This is part of Paint Touches’ series breaking down each players’s 2011-2012 campaign and looking forward to next year. A big thank you to assistant coach Aki Collins, who provided exclusive, in-depth analysis on each player.
What he did well: Juan Anderson’s development was sped up by Chris Otule’s and Davante Gardner’s injuries, but he held his own in spot duty. Anderson was an above average rebounder and wasn’t afraid to get his nose dirty inside. He had high energy in spurts off the bench and grew as a player thanks to the minutes off the bench.
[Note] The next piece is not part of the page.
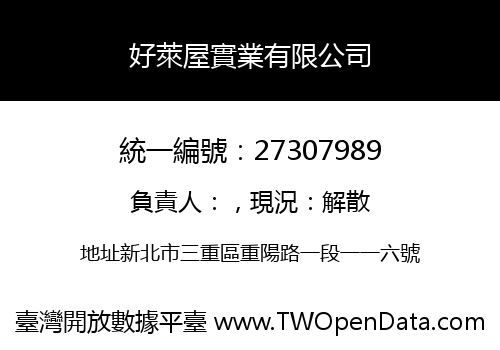 好萊屋實業有限公司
An early season injury and two-game suspension halted that growing process, but Anderson kept a positive attitude through it all and understood that his time in the spotlight will one day come. He played his role as well as Marquette could have hoped for from a true freshman.
What he could have done better:Even as a true freshman, Anderson seemed rattled at times. The game seemed too fast for him when he got in pressure situations, and more times than not it led to a turnover or negative play. With such a thin frame, Anderson had a tall task of sometimes playing in the post and battling with forwards much bigger, stronger and usually taller.
Anderson didn’t get much of a chance to spread his wings offensively because of his role, but there was little evidence of an outside game that he had in high school. It’s there, and he will have more of an opportunity to score next year, but it would have been nice to see him show off that jumper. Anderson did not attempt a 3-pointer his freshman year.
Aki’s analysis: “He and (Jamail Jones) tag-teamed at times. If we needed a guy to rebound more, we put Juan in because he’s a really good rebounder. If we needed a guy to defend, we put Mello in. Not that Juan’s not a good defender, but Mello understood it a little bit more,” Collins said.
“I think his spring will figure that out, because now roles on our team are starting to get defined. We have everyone back but Jae and Darius, and we know what we have coming in for the most part. Juan can be a ’3′, but he has to continue working on his jump shot and his handle. In order to be a ’4′ he has to bulk up, so April, May, June, July, August are huge for him,” Collins said. “When we get to September we’ll have a better feel for where he needs to go, but he can go either way. If he can play both in the future we’re more than happy to do that.”
Best performance: at Wisconsin (2 points, 5 rebounds, 7 minutes)
With Jae Crowder battling foul trouble, Anderson was called upon to help against the Badgers. He responded in a big way, grabbing five rebounds and finishing on an athletic reverse layup in the first half. He ran the floor well, held his own on the defensive end and helped Marquette outscore Wisconsin by three points when on the court. The eight minutes he provided at Providence was a close second, but his stat-stuffing performance in just seven minutes against Wisconsin was his best contribution of the year.
Worst performance: at Cincinnati (1 rebound, 1 personal foul, 0-1 FG)
Marquette’s 72-61 loss at Cincinnati was a struggle for everyone not named Darius Johnson-Odom, but Anderson really had a rough night. His only shot was swatted against the backboard by Cincinnati’s Chiekh Mbodj, he failed to get back defensively on more than one occasion, and fumbled a Jae Crowder pass right underneath the basket. It was overall a night to forget for the freshman.
2012 outlook: Like most of the younger reserves, Anderson’s role was defined and he was not able to spread his wings much. He arrived on campus as a lanky, raw prospect, but another year in the weight room will do him wonders. In high school, Anderson had the capability to handle the ball and create his own shot, and as he progresses and the game slows down for him, both aspects of his game should come around.
With the departure of Jae Crowder and the arrival of Simeon’s Steve Taylor, Anderson will battle with Jamil Wilson, Jamail Jones and Taylor for minutes at the ‘switchable’ position. Assuming Wilson has earned his minutes for next year, Anderson’s skill set relates closest to what Marquette lost in Crowder. His rebounding and versatility to guard three positions could make him the eighth player in the Golden Eagles’ rotation.
Anderson may have the most to gain this off-season, both in the weight room and on the court. He gained valuable experience last year but will be asked to do more, specifically on offense, when he hits the court in 2012.